Quaint but kind of passé


I will first regret the poems are not in poetic layout but in plain prose layout in spite of the rhymes and the capital letters at the beginning of each group of what should have been lines. We miss that visual poetry. The illustrations are the only visual element and they are nice but not enough to make us enter in this world of children’s poetry, of poetry for children that has to be visually clear and attractive.

The second characteristic is that it is poetry written for children. Yet it is mostly in first person as if some hypothetical child were speaking and that is not possible because the language is by far too complicated for a child that has just learned how to read. It is thus poetry that has to be read to children and what children are going to find in the poetry is the music with lines, rhymes and rhythm. It is of course a common convention for children’s literature in the second half of the 19th century, which is Stevenson’s period. Children’s literature is adult literature for children.

The themes are essentially that of a garden, a vast garden and a vast house, if not mansion in the countryside by the sea. We are in a wealthy family or even more than wealthy, with a nurse for that child who is a boy and cannot be anything else, knowing how often he plays with tin soldiers or he plays soldier himself, even if at the end an allusion to a cousin girl is introduced. The world is seen through the eyes of the boy and described through the pen and language of the adult who is telling us the story. The big Louis author is alluding towards the end he is seeing the world through the eyes of a small Louis boy that he probably used to be.

Then you have a lot of seascape, ships, boats, fishing, travelling and foreign countries, though the dominant one is India but only as a distant somewhere. The child is also imagining fairy countries, dreamlike countries to which he is able to travel. But do not expect any Wonderland.

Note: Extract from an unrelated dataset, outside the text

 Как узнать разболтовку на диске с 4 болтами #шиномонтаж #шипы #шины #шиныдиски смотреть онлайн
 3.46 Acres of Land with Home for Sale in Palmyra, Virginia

The most surprising element is the total solitude of that child. He is alone, playing alone and by himself with toys he can play with alone. He does not have any partner and adults are not taking part in the games. The nurse only puts him to bed and gets him up. In many ways it is a sad vision of a solitary quasi abandoned child in a wealthy family where everyone is minding their own businesses and hardly the child. So he sleeps at night, watches the sun rising in the morning, plays in the garden all day long, watches the sun setting in the evening and goes back to bed at night. That kind of life is traumatic. A child living such a life should develop PTSS by total lack of love, total lack of company, total lack of another child of the same size, except the imaginary one he creates, and that should lead him to a split personality, a perfect soil for schizophrenia later on.

I was even amazed at finding some social Darwinism in one poem:

The child that is not clean and neat,
With lots of toys and things to eat,
He is a naughty child, I’m sure –
Or else his dear papa is poor.

In other words, it is the fate of a naughty rich boy or a poor boy. And it is normal if you are poor not to be clean and neat, not to have toys and food. There is no questioning of it and it is equaled to “naughtiness” for a rich boy. A good boy, meaning rich, is always clean and neat, has plenty of toys and plenty to eat. Just add to this it is the reward for being a good rich boy and social Darwinism is with you. This concepts of good boy and bad boy are constantly present in many poems and one is for me surprisingly European-centered to the point of reaching infantile arrogance:


Little Indian, Sioux or Crow,
Little frosty Eskimo,
Little Turk or Japanee,
Oh! Don’t you wish that you were me?

You have seen the scarlet trees
And the lions overseas;
You have eaten ostrich eggs,
And turned the turtles off their legs.

Such a life is very fine,
But it’s not so nice as mine:
You must often, as you trod,
Have wearied not to be abroad.

You have curious things to eat,
I am fed on proper meat;
You must dwell beyond the foam,
But I am safe and live at home.

Little Indian, Sioux or Crow,
Little frosty Eskimo,
Little Turk or Japanee,
Oh! Don’t you wish that you were me?

How plain cruel it is to turn turtles off their legs knowing they cannot get back on their legs alone. Just as cruel as making the Indian, the Sioux, the Crow, the Eskimo, the Turk and the Japanese only dream of one thing: be a good white European, rich of course.